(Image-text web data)
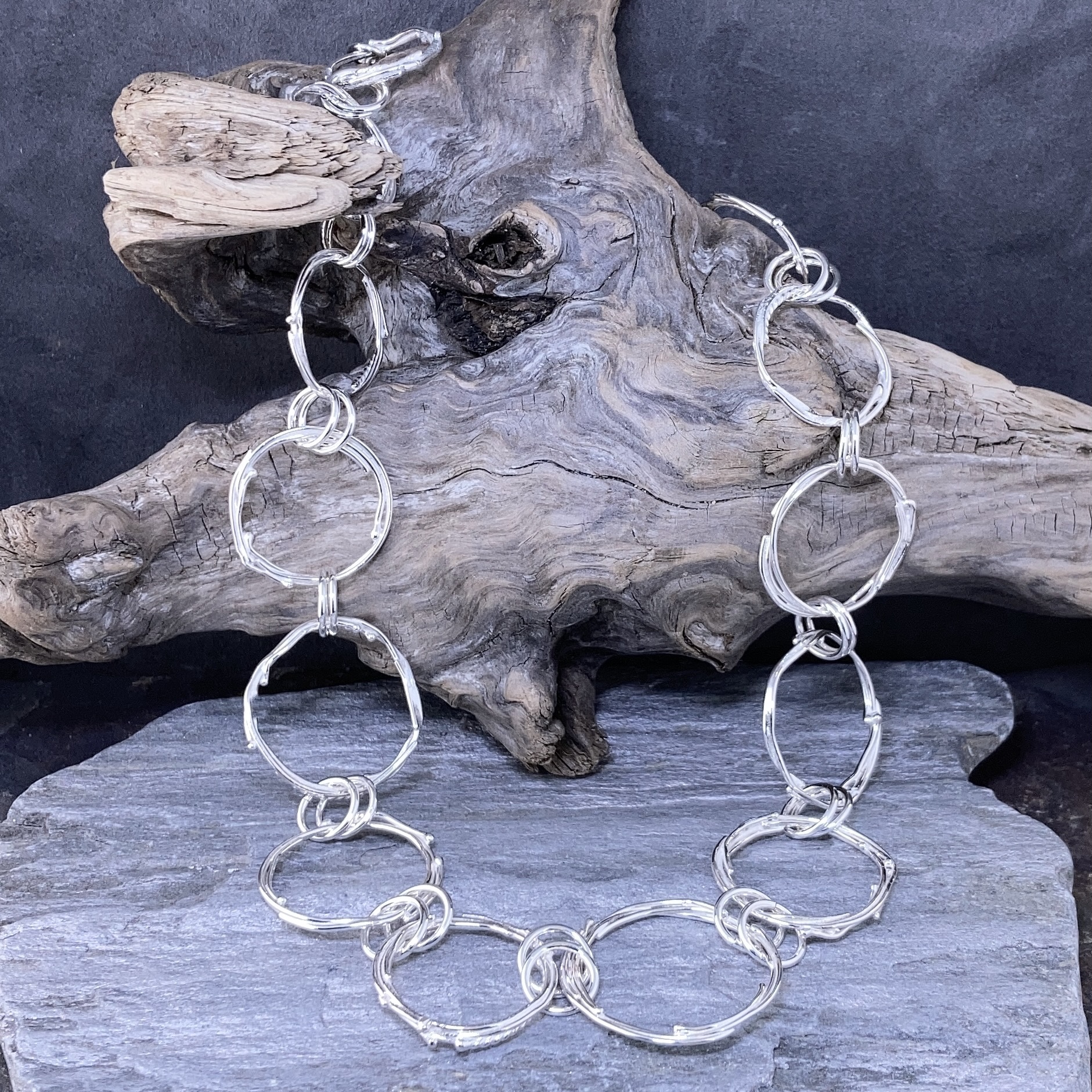 freeform circle necklace - large links - Argentium silver - Image 2
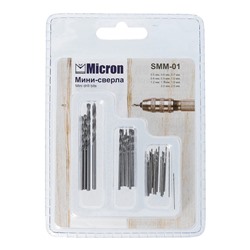 "Micron" Мини-сверла SMM-01 d от 0.5 до 2.5 мм в блистере металлические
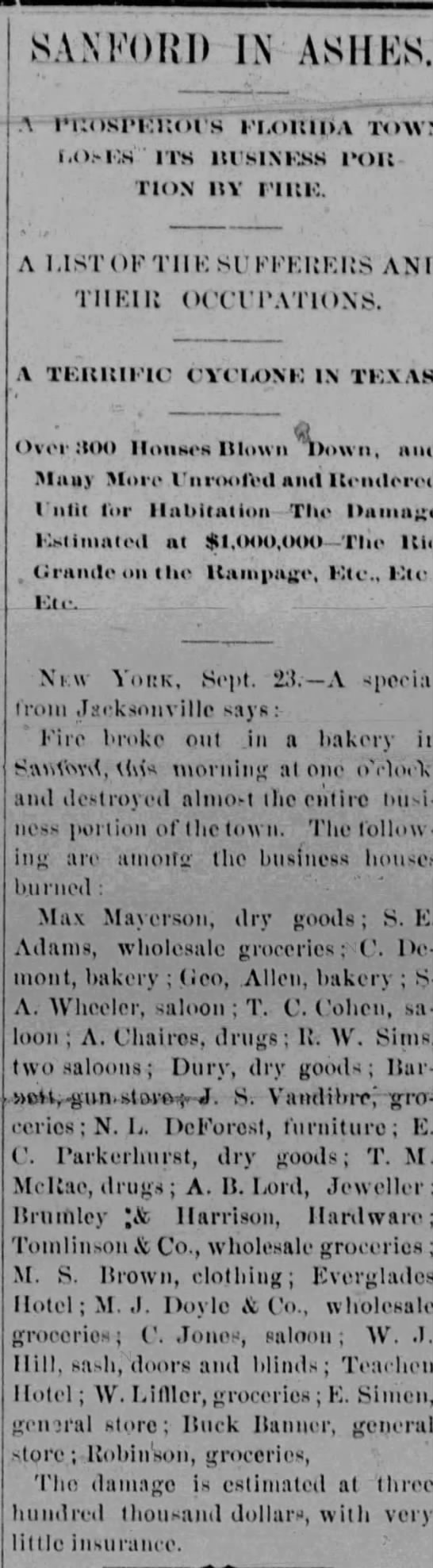 Sanford Fire Sept 1887 - 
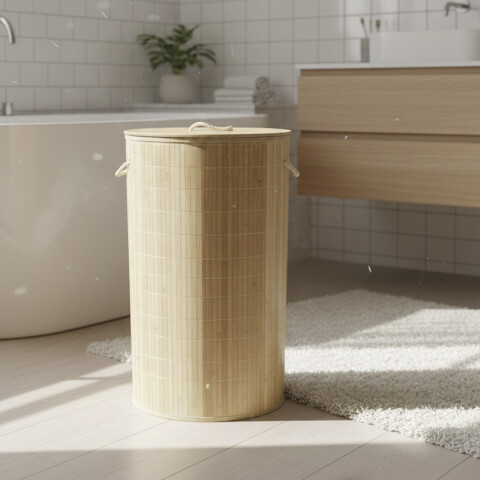 Canasto Bambú Redondo para Ropa Home Class 36 x 60 cm U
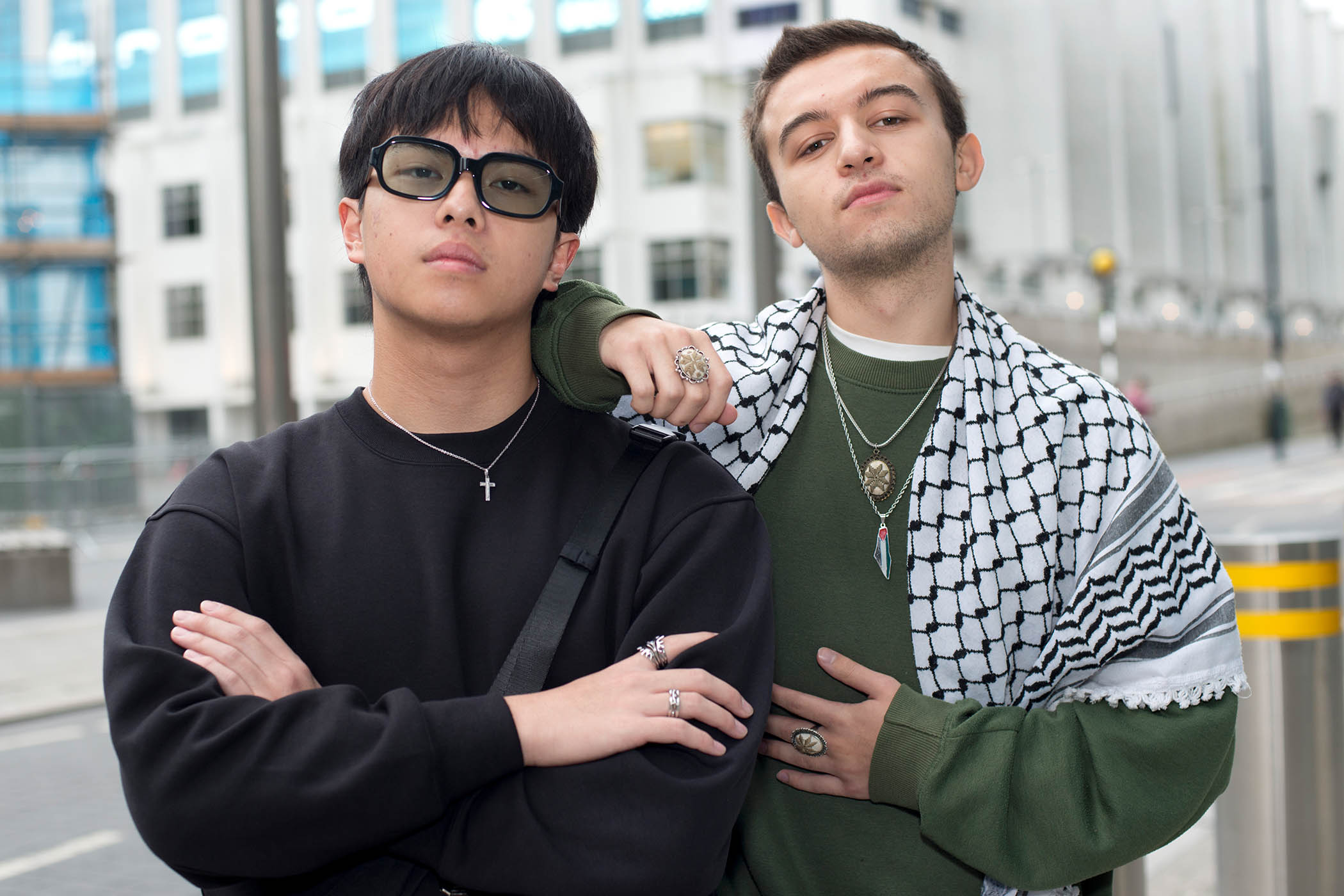 Ian and Kaan, both 19, from London. Ian: ‘Music feels like a very universal language. It bridges the world between thoughts and emotions’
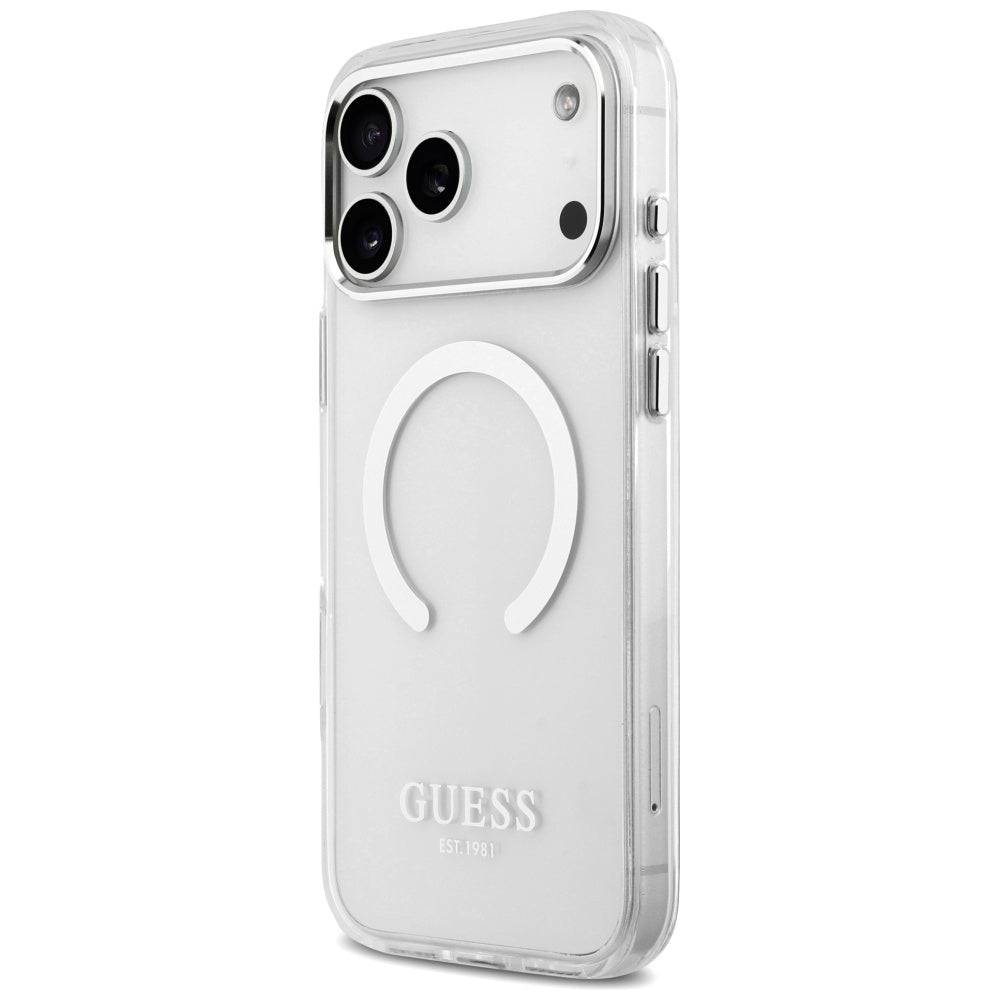 MagSafe Hülle für Apple iPhone 17 Pro Max, Guess, Metal Outline, Silber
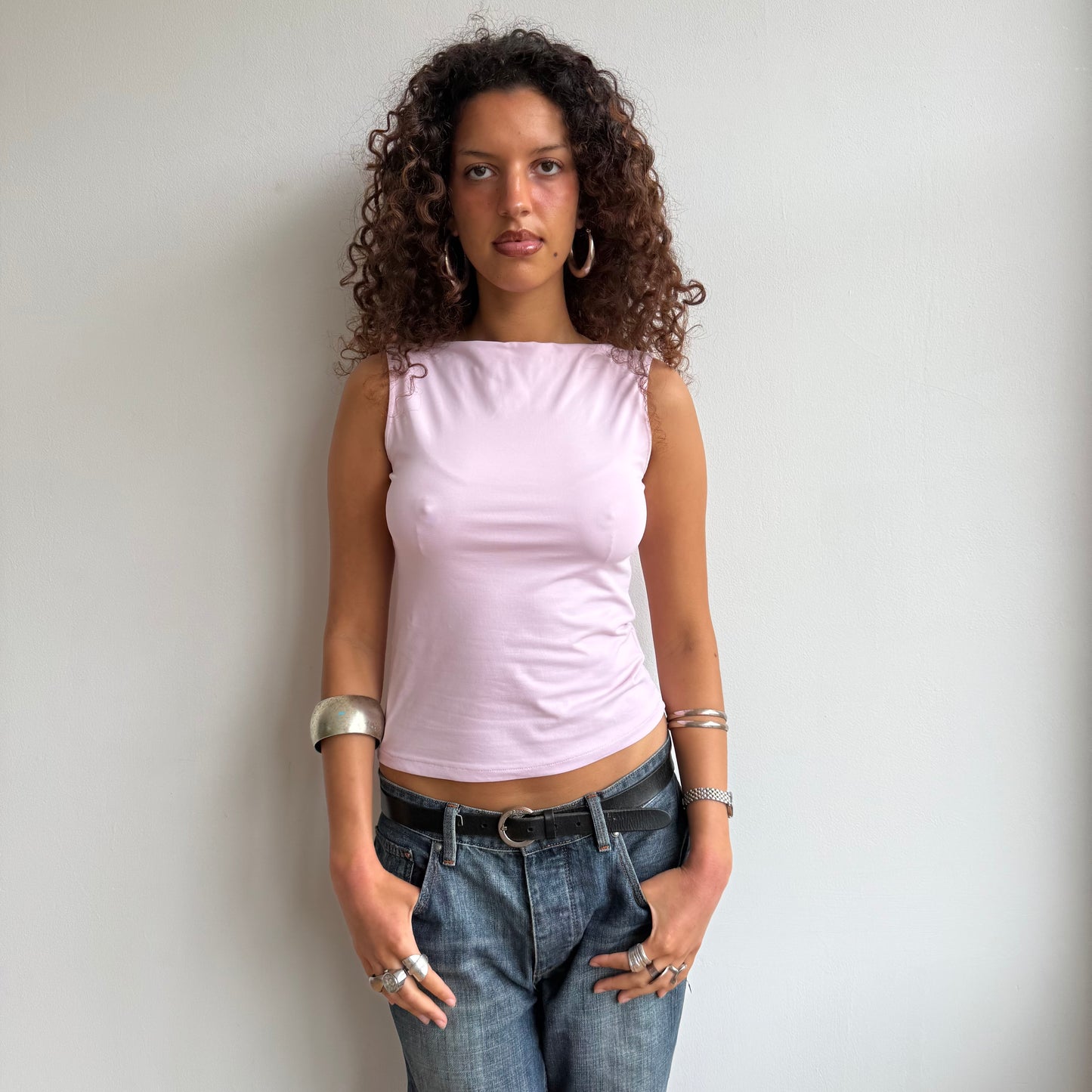 Pink slinky bateau neck top - Size S/M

__Exercise requirements__:
I would like the lines from the one with "в блистере металлические" through the last line of the data above retyped exactly, with pictures left out, please.

__Completed task__:
 "Micron" Мини-сверла SMM-01 d от 0.5 до 2.5 мм в блистере металлические
 Sanford Fire Sept 1887 - 
 Canasto Bambú Redondo para Ropa Home Class 36 x 60 cm U
 Ian and Kaan, both 19, from London. Ian: ‘Music feels like a very universal language. It bridges the world between thoughts and emotions’
 MagSafe Hülle für Apple iPhone 17 Pro Max, Guess, Metal Outline, Silber
 Pink slinky bateau neck top - Size S/M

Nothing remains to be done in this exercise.